Blurred Pictures



John F. Moffitt. Picturing Extraterrestrials: Alien Images in Modern Mass Culture, Prometheus, 2003


Presented with a book entitled Picturing Extraterrestrials written by a retired professor of the history of art, you would probably expect a glossy book full of gorgeous colour illustrations of aliens taken from book and magazine covers, film posters and the whole gamut of modern kitsch. What you get, apart from 16 pages of black and white illustrations, is mountains of text, discussing alien abduction narratives from a generally sceptical viewpoint. Some good points are made, and there are attempts at humour.

There is no doubt that this a wide ranging study; not many UFO books will cover the influence of Swedenborg and Eliphas Levi on symbolist art in the same pages which discuss the genesis of the American cultural icon Betty Crocker (don’t worry, fellow Brits, I’m as baffled by this name as you are). The thesis seems to be that the the abduction narratives are part of post-modernist commercial culture; they are capitalist commodities, phenomena of the world of TV and other pop kitsch images.
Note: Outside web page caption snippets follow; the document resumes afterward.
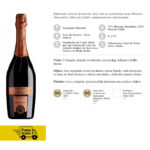 Espumante Moscatel Branco 750ml – Moscato Giallo & Moscato de Alexandria | Doce, Aromático e Refrescante - Imagem 4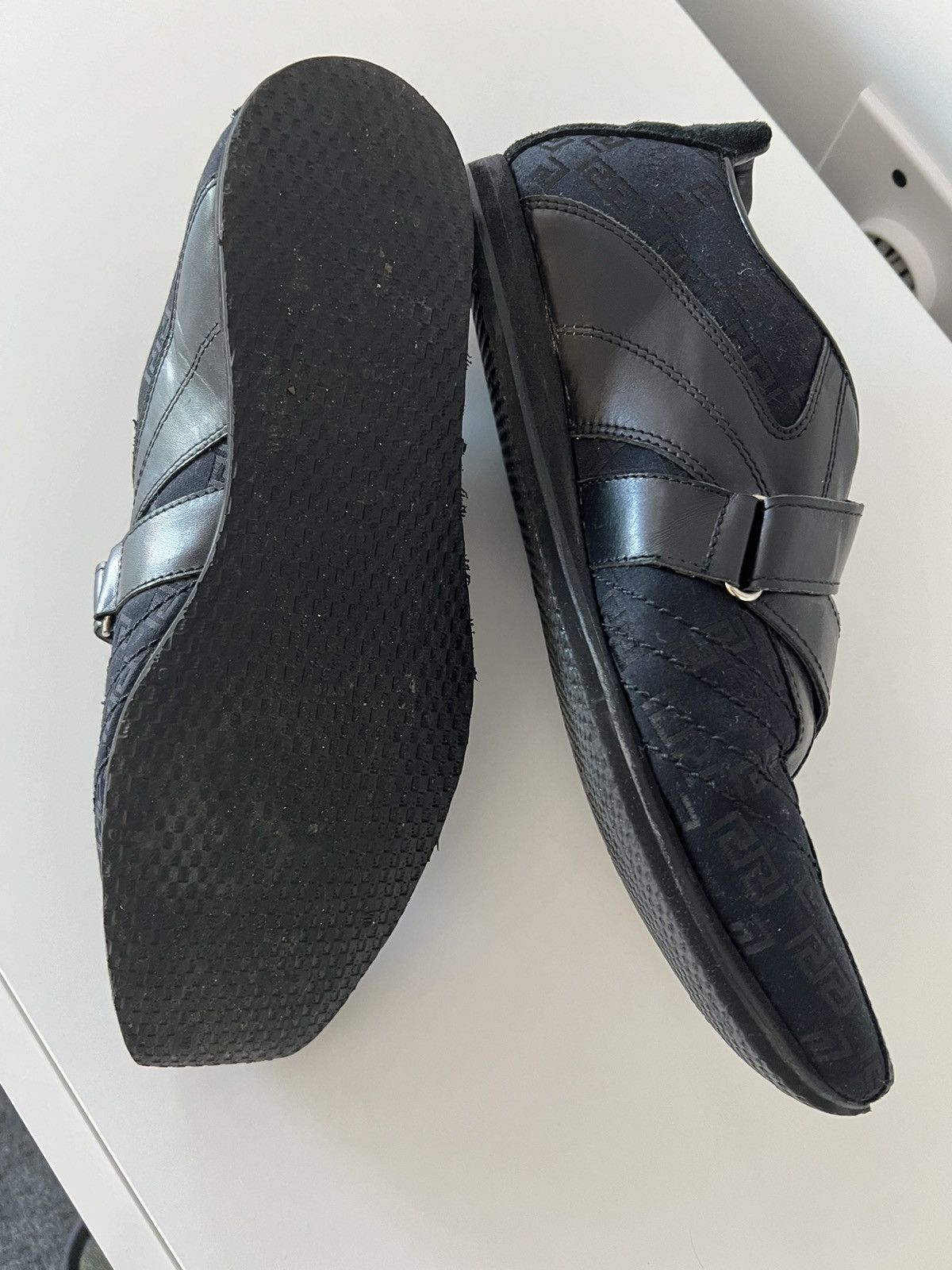 Versace Gianni Versace 2006 Runway Collection / Men’s Leather Shoes Size US 8.5 / EU 41-42 - 10 Thumbnail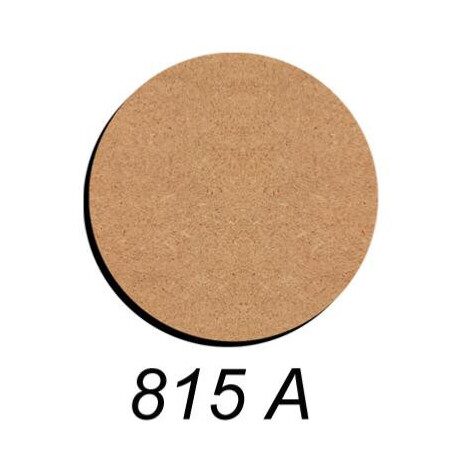 Dessous de verre rond 10 cm support bois médium mdf pour mosaïque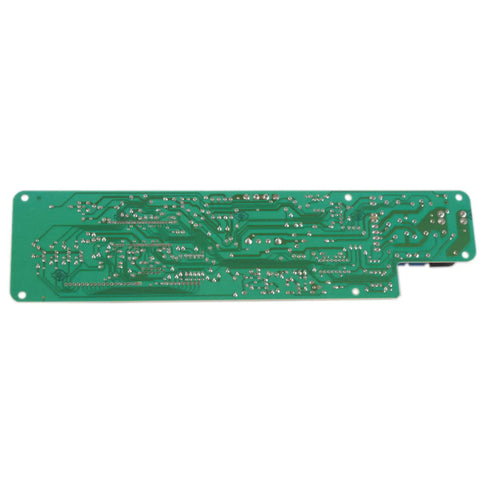 Genuine OEM Main Control Board 5304504655 gray replacement part, green electronics module, rear circuit detail for Electrolux models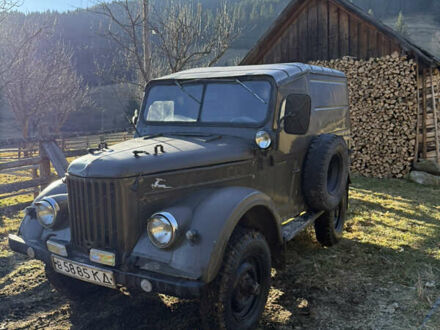 Зелений ГАЗ 69, об'ємом двигуна 0 л та пробігом 100 тис. км за 1999 $, фото 1 на Automoto.ua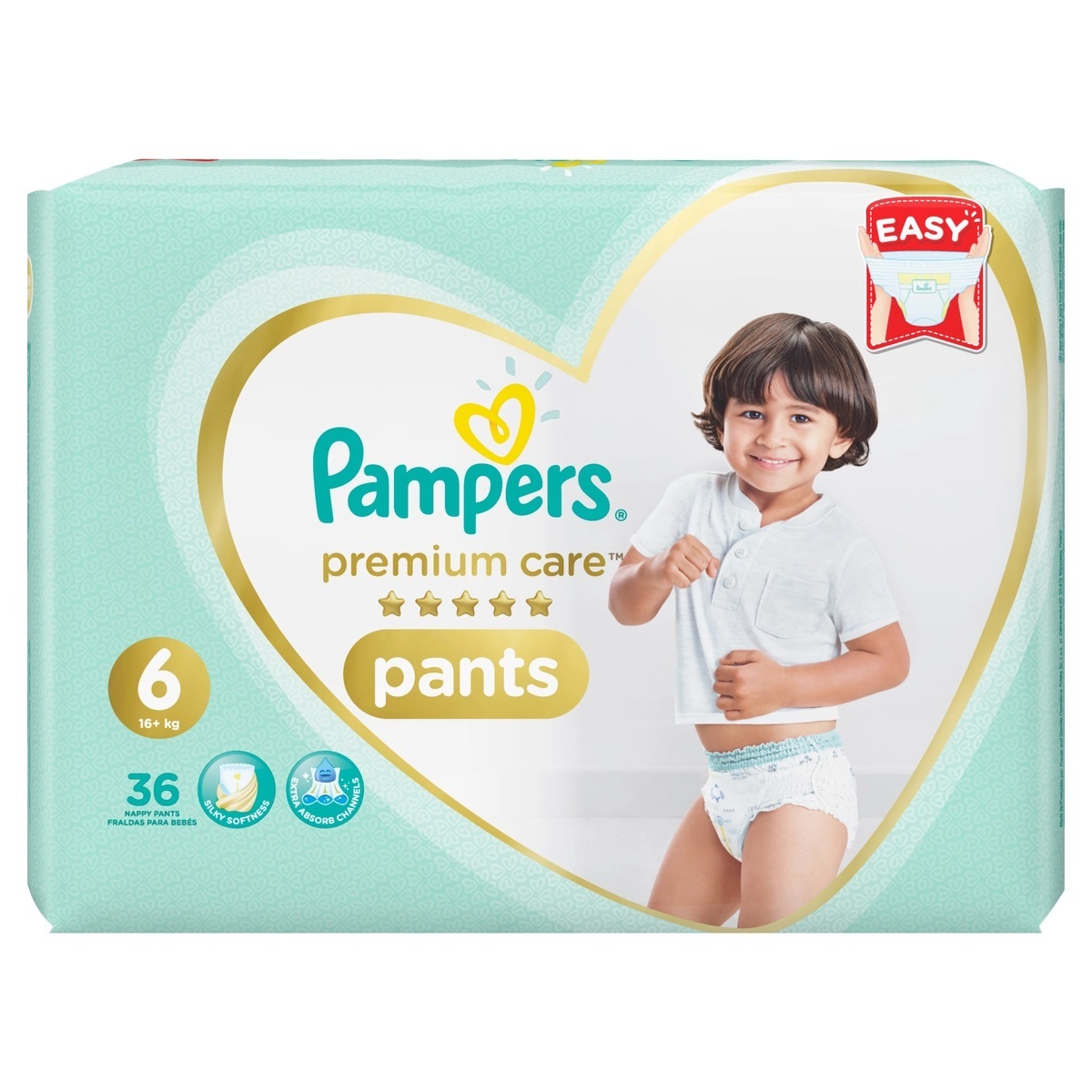 pampers pures chusteczki opinia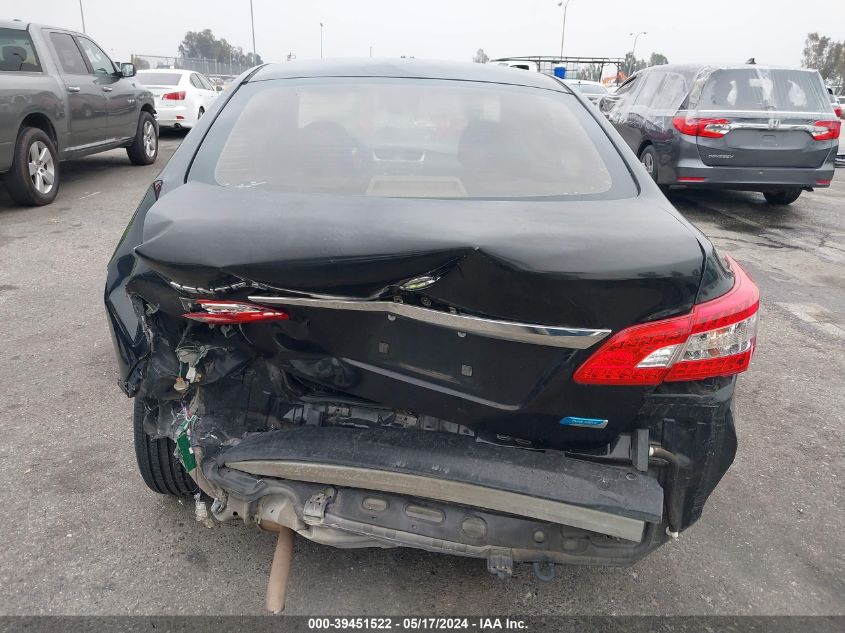 2014 Nissan Sentra S VIN: 3N1AB7AP8EY240688 Lot: 39451522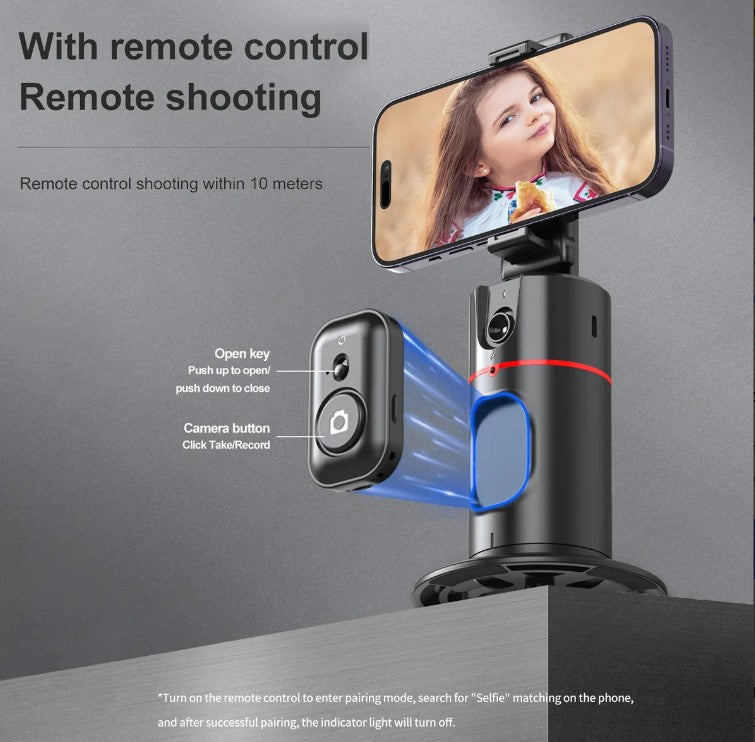 Trípode Inteligente con TrackingFacial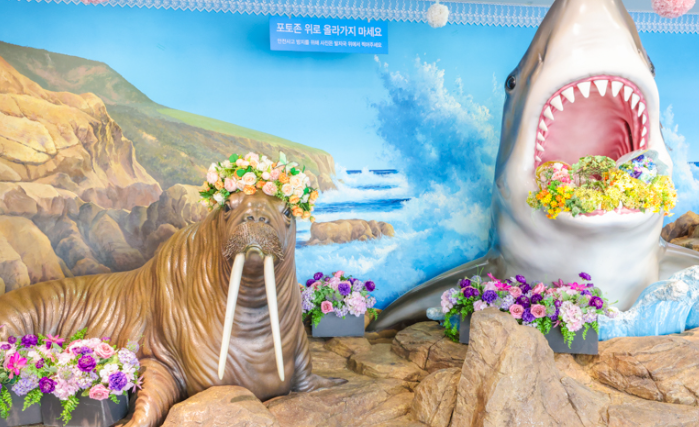 아쿠아플라넷 실내사진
This is interspersed with general sceptical comments on the abduction scene, and UFO history (of course Americocentric, and containing a number of careless howlers). These are often sensible enough but they have been made many times before, and hardly seem the province of the art historian.The cover describes this book as "accessible", but I am afraid that this description is somewhat of a terminological inexactitude; reading it was rather like swimming through treacle. With a good, slashing editor, parts would have made interesting Magonia articles, but the chapters just don’t add up to a coherent book. Why cannot Prometheus Books employ good quality editors to make the manuscripts they receive actually readable? The feeling is that anyone wearing an 'I Love Randi' badge can walk into the office and get their manuscripts published regardless of literary merit. -- Peter Rogerson, from Magonia Supplement 49, February 2004.